Роман вскоре вышел. Правда, пришлось протереть не одни джинсы, переписывая его от начала до конца, и сносить не одну пару кроссовок в аллеях парка при Версальском замке, чтобы в голове, на ходу довести текст до нужной формы. Особое пространство необъятного парка, бесконечная перспектива и нечто крестообразное, наподобие формы самих водоемов, без которых парк никогда бы не выглядел таким бесконечным, – это чувствовалось даже в построении моего романа. В нем тоже просматривалась перспектива и тоже бесконечная, как в зеркале, в котором отражалось другое зеркало…
Тощая Лизанька вышла замуж, как я узнал, за школьного преподавателя. Им оказался длинноволосый мещанин в английских туфлях с дырочками. И я даже был с ним знаком. Однажды повстречав его на какой-то вечеринке, я не смог пройти мимо молча и отвесил ему что-то колкое, как мне потом рассказывали, что засело в него на годы. И правильно сделал.
Мишель уехала жить к давней подруге в Бразилию, к которой она привязалась еще в ранней молодости. Жили обе в Рио. Как до меня доходило, Мишель часто болела. Чем именно – выяснить не удавалось. Общие знакомые все поразъезжались. А сама она мало давала о себе знать…
* * *
Ванесса – пока я не знал, как ее зовут – ела мороженое в кафе Версальского парка, которое новичок сразу даже и не найдет в лабиринте из высоких зеленых насаждений.

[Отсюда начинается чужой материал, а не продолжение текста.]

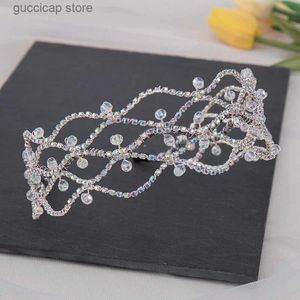 Tiaras ślub ślubny Silver Wedding Hair Band Nowy ręcznie tkany kryształowy damski opaska do włosów Rhinestone Mesh Biżuteria Y240319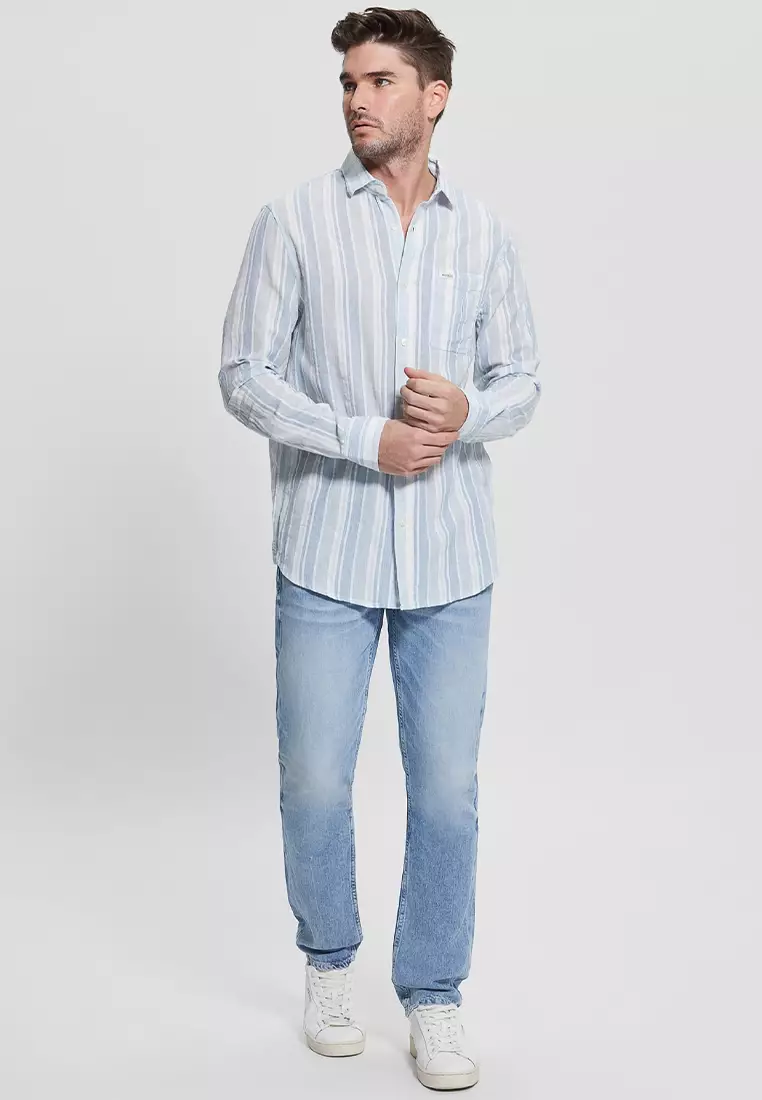Buy Guess Long Sleeves Collins Slub Stripe Shirt 2024 Online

Незнакомка была одна. Когда ей принесли счет, выяснилось, что платить ей нечем – кошелек украли. Я сидел за соседним столиком, допивая кофе, заказанный только ради стакана бесплатной воды, и внезапные женские слезы, диссонировавшие с атмосферой полной расслабленности, которая царила в пустовавшем уличном кафе под открытым небом, меня поразили больше, чем сама мысль о том, что в этом месте, в Версальском замке, могли кому-то обчистить карманы. Я всегда здесь чувствовал себя, как у Христа за пазухой, и ни о чем другом не думал, кроме как о своих сюжетах, текстовых набросках, которые только здесь мне и удавалось наговаривать на диктофон, выжимая из себя, на волнах вдохновения, сносные фрагменты для последующей работы. На что тогда вся охрана и даже мобильные наряды СРС[4], дежурившие в парке круглые сутки. Даже после закрытия всей территории в отдаленных уголках водоемов в форме креста можно было наткнуться на их машину, в чем я не раз смог удостовериться, опаздывая к калиткам до закрытия.
В больших черных очках, белокурая, в юбке с голыми белыми ногами и в чем-то легком, шерстяном поверх плеч – девушка походила на туристку из Скандинавии. Таков был тип лица – правильного, с коротким и будто из мрамора выточенным носом. Типажу соответствовало и телосложение, немного суховатое и аскетическое, несмотря на нормальную не девичью комплекцию, без нимфеточной костлявости и без просвета между ног, через который могла бы проскочить, как бывает, юркая собака. Но оказалось, что она француженка. Правда, с польскими корнями. А покопавшись еще – получалось, и с русскими: одна из ее прабабушек училась в институте благородных девиц в Воронеже…
Подробности ее родословной я узнал в нашу первую прогулку, на которую она как-то нелепо, с некоторой беспомощностью согласилась по выходе из бюро находок, куда я напросился проводить ее в первый день знакомства: а вдруг полиция поймала пик-покета с ее вещами.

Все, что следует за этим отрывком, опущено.